Work order: In the listing below, find the line containing "Top-down satellite sketch" and the line containing "Flower Power Emoji", then copy exactly everything from the first through the second, except the pictures.

Data for analysis:
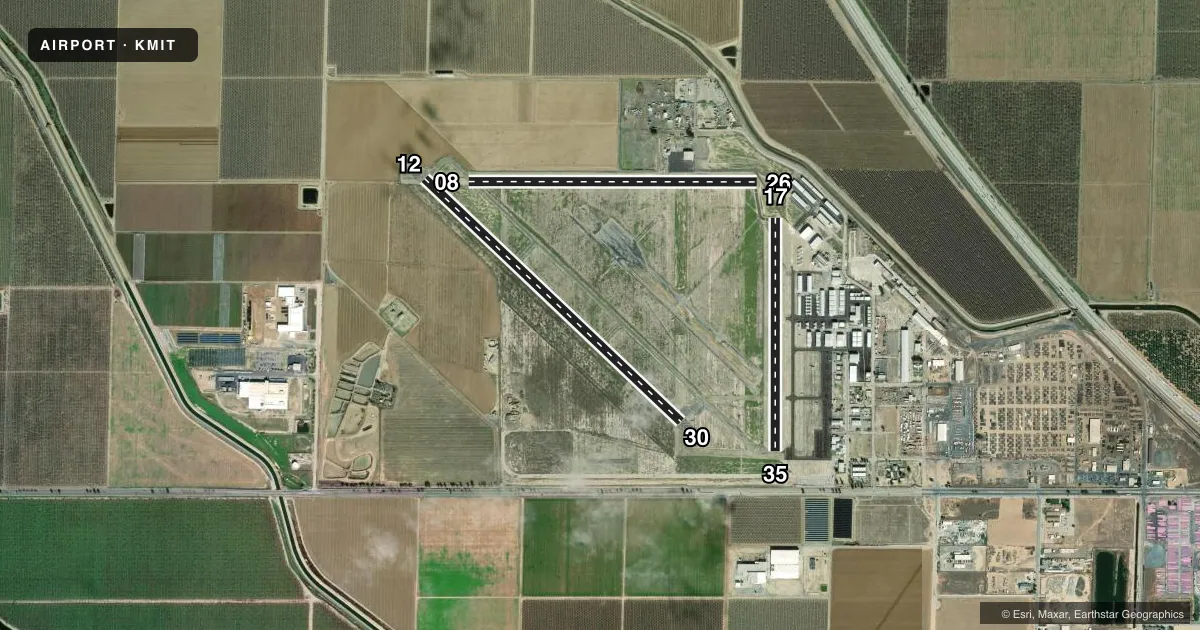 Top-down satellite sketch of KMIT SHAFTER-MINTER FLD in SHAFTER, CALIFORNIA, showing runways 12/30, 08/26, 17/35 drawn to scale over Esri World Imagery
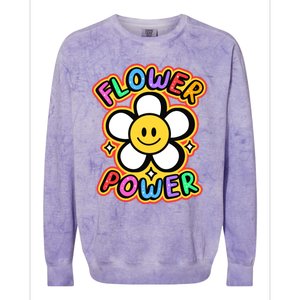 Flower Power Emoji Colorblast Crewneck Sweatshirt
---
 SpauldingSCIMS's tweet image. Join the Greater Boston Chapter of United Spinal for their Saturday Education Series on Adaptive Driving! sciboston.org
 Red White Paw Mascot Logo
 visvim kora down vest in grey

Response area:
 Top-down satellite sketch of KMIT SHAFTER-MINTER FLD in SHAFTER, CALIFORNIA, showing runways 12/30, 08/26, 17/35 drawn to scale over Esri World Imagery
 Flower Power Emoji Colorblast Crewneck Sweatshirt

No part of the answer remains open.